Était-ce une anticipation du besoin quasi planétaire d’ouvrir grand les naseaux pour avaler un air qui nous a fait défaut ? Ou bien les designers de BMW n’ont-ils plus vraiment d’idées ? Toujours est-il que, bien avant que les uns s’asphyxient par insuffisance pulmonaire, et que les autres étouffent dans le cloître de leur propre appartement, on s’était dit à Munich qu’on allait doter la nouvelle série 4 d’une calandre qui lui barrerait tout le face avant, de haut en bas. D’une traite. Au point qu’on ne sachant plus trop où caser la plaque d’immatriculation, on décidait de la superposer à la calandre. Tant pis.

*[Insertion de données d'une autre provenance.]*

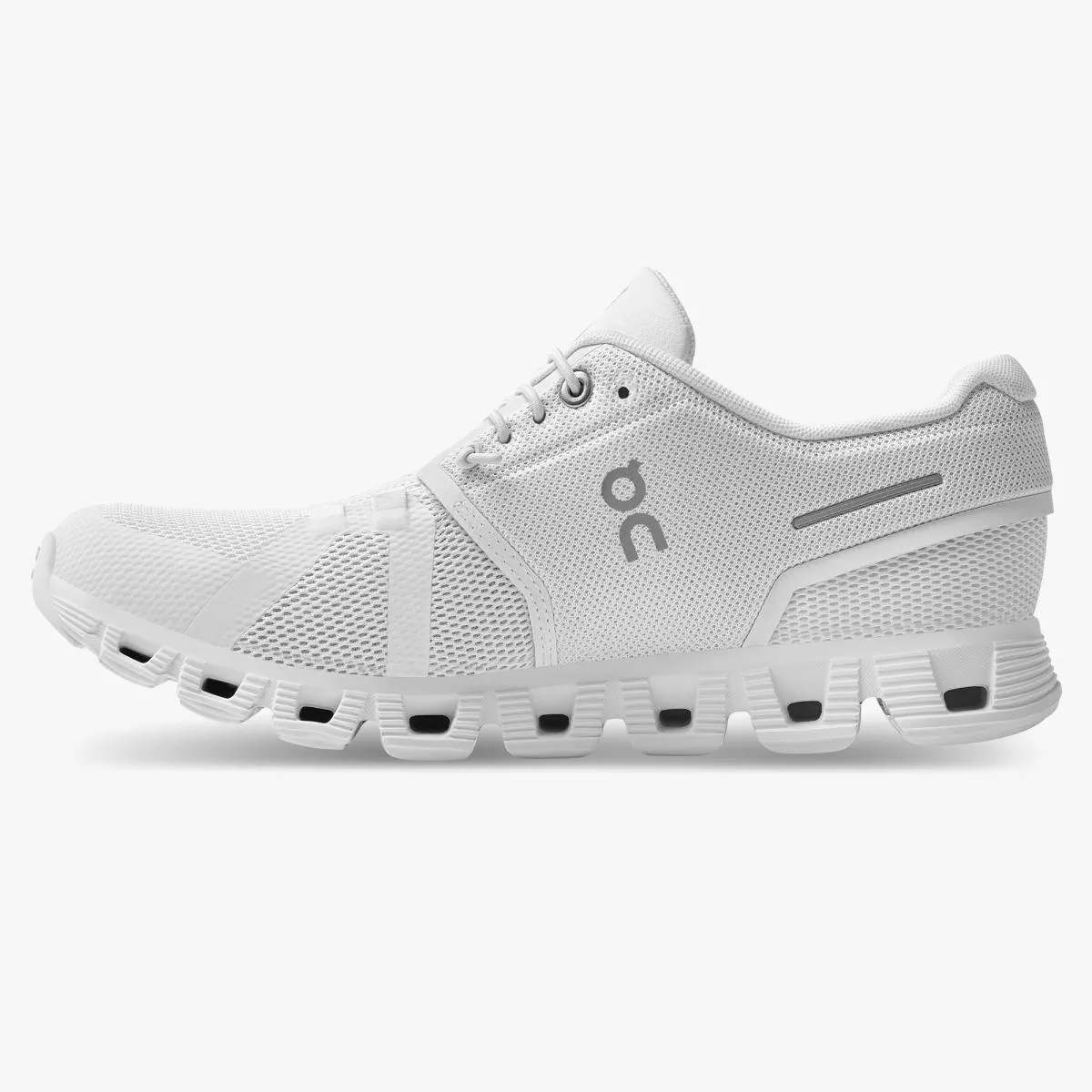 'On Running' Women's Cloud 5 Push - Undyed White / White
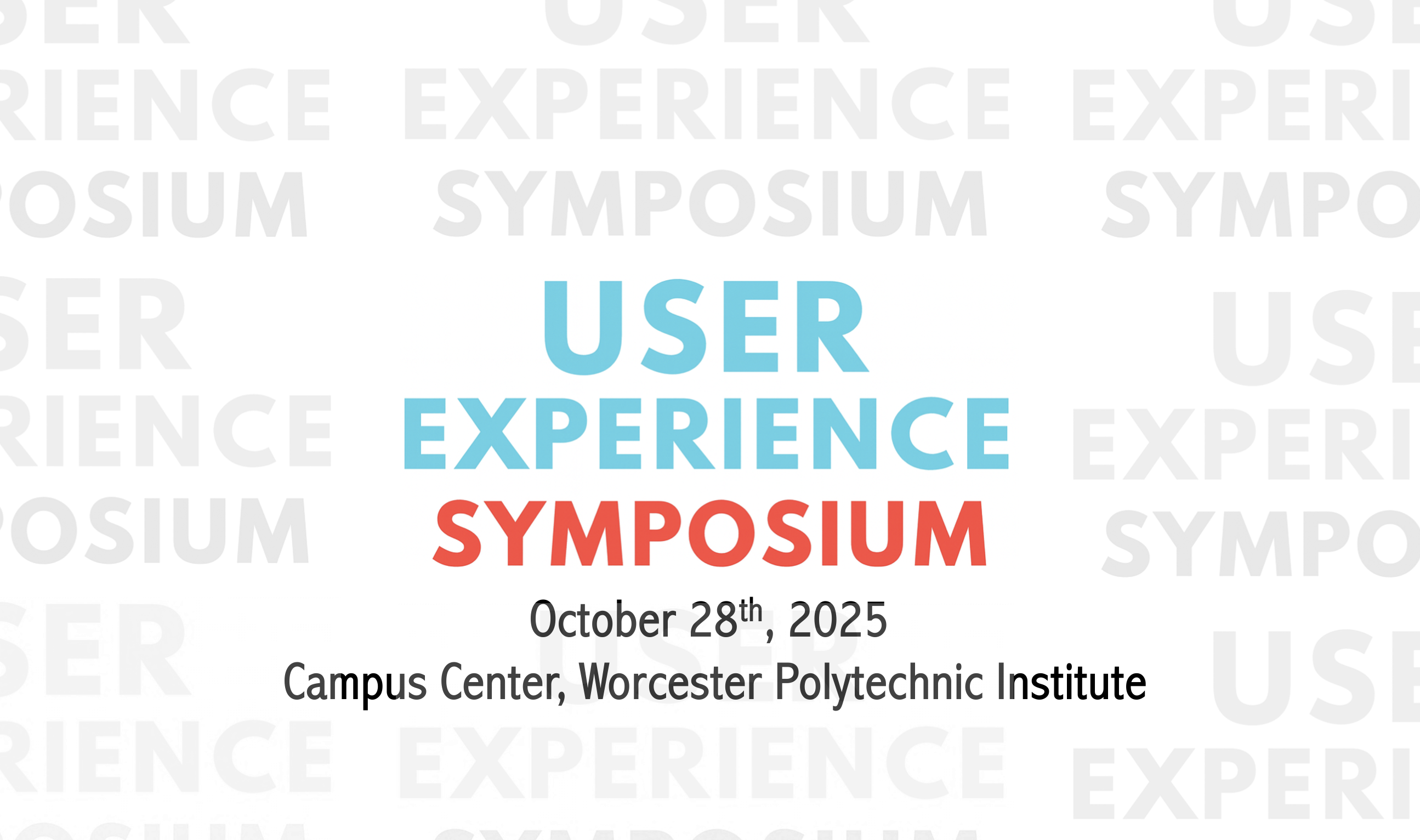 Image of The Annual User Experience Symposium (UXSYM) at WPI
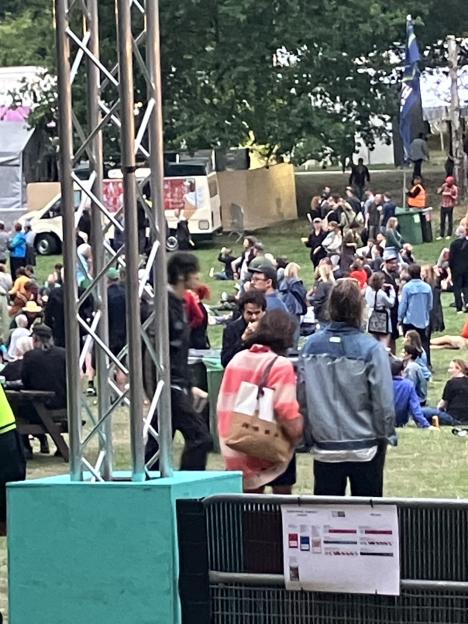 Anita Rani at a music festival.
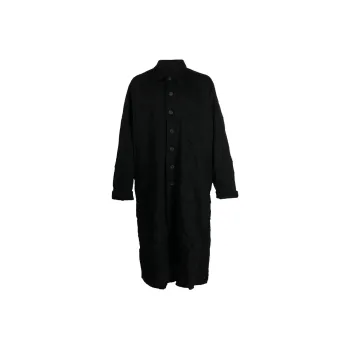 Yohji Yamamoto Pour Homme Wrinkled Single-Breasted Coat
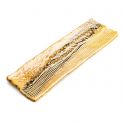 Placa retangular 32.5x10.5cm. Porcelana "Ocre"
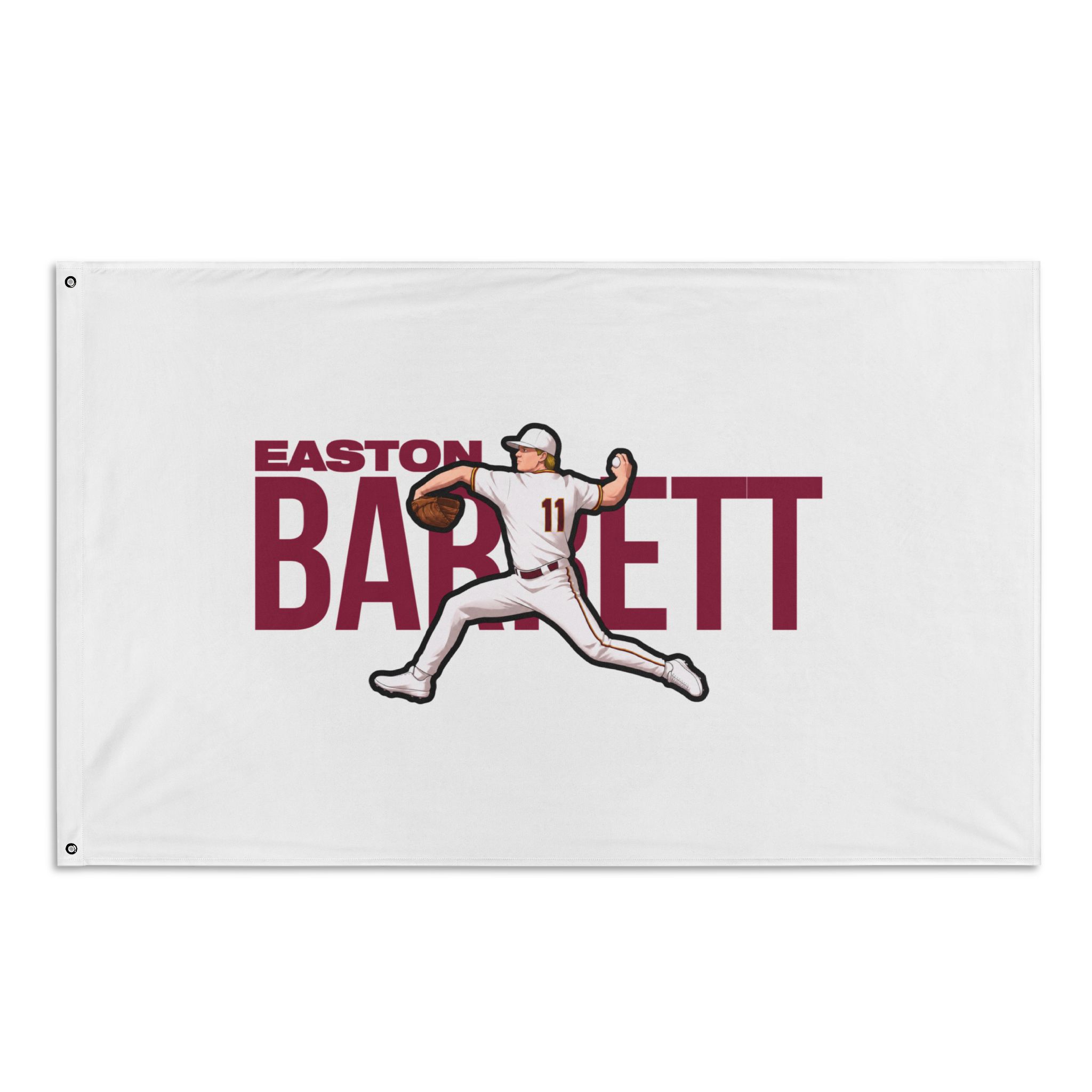 Flag (35 × 56 in) — character_player_name in Classic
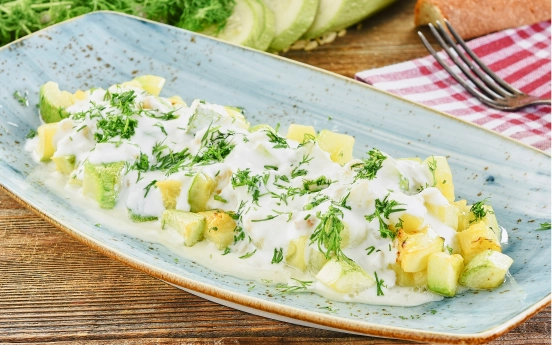 Buğdaylı Yoğurtlu Kabak Tarifi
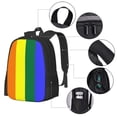 thumbnail image 4 of DouZhe Lightweight Backpack, Travel Outdoor Hiking Bag School Bookbag Casual Daypack Rainbow Lgbt Lgbtq Flag Prints Backpacks for Women Men, 4 of 7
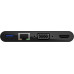 Belkin USB-C Multimedia Adaptörü (VGA, 4K HDMI, USB 3.0, Ethernet Bağlantı Noktalı USB-C Hub) MacBook Pro, iPad Pro, Surface Pro, Chromebook ve daha fazlası için 100 W Doğrudan İletimli Güç Teşhir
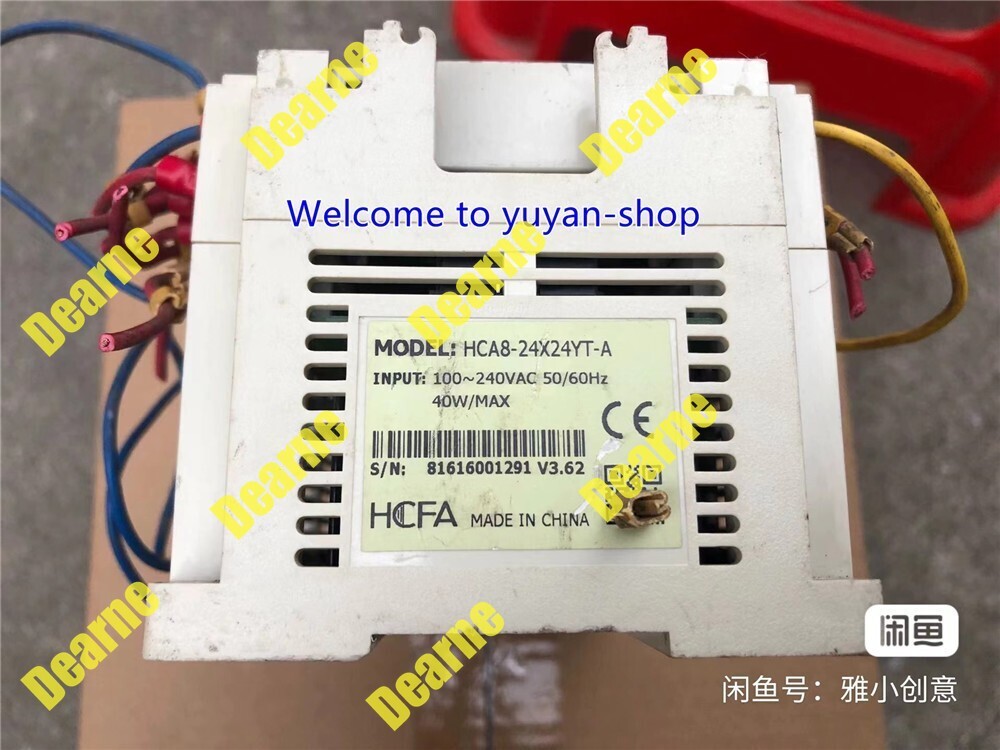1PCS Used HCFA PLC Programmable controller HCA8-24X24YT-A Tested #T1942 YS
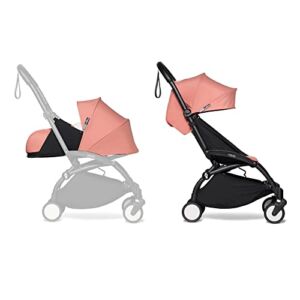 BABYZEN YOYO2 Stroller & 0+ Newborn Pack – Includes Black Frame, Ginger 6+ Color Pack & Ginger 0+ Newborn Pack – Suitable for Children Up to 48.5 Pounds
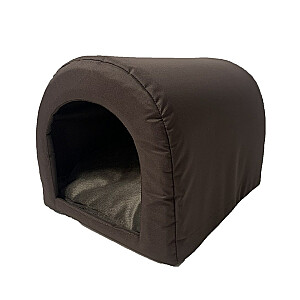 Кровать-пещера GoGift для собачьей будки 40 x 33 x 29 см, коричневая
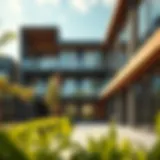 A stunning view of Park Heights 2 showcasing its modern architectural design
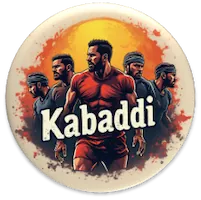 Kabaddi - Round Logo Large (hi)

Le public était prévenu. On connaissait cette face avant depuis des mois, et on la sentait venir comme une menace, un malheur auquel on espérait échapper, sans y croire, et par lequel on n’est finalement pas surpris quand il nous tombe dessus. Comme prévu. Quand on pousse ainsi le bouchon un peu loin, on fait en sorte de le faire savoir, histoire que le public, à défaut de s’habituer, en parle. Et de ce point de vue, ça a marché.

Il fallait oser, doter ainsi un visage automobile de ces deux lames de moustache, comme si le regard perçant de la 4 ne suffisait pas à lui donner un air autoritaire. A moins qu’il ne s’agisse pas de moustaches, mais d’une paire d’incisives sur-développées, du genre à vous faire dire, avec dans la voix d’étranges résonances métalliques, « Hmmmm… Quoi d’neuf Doc’ ? », ou à vous faire chanter Bohemian Rhapsody.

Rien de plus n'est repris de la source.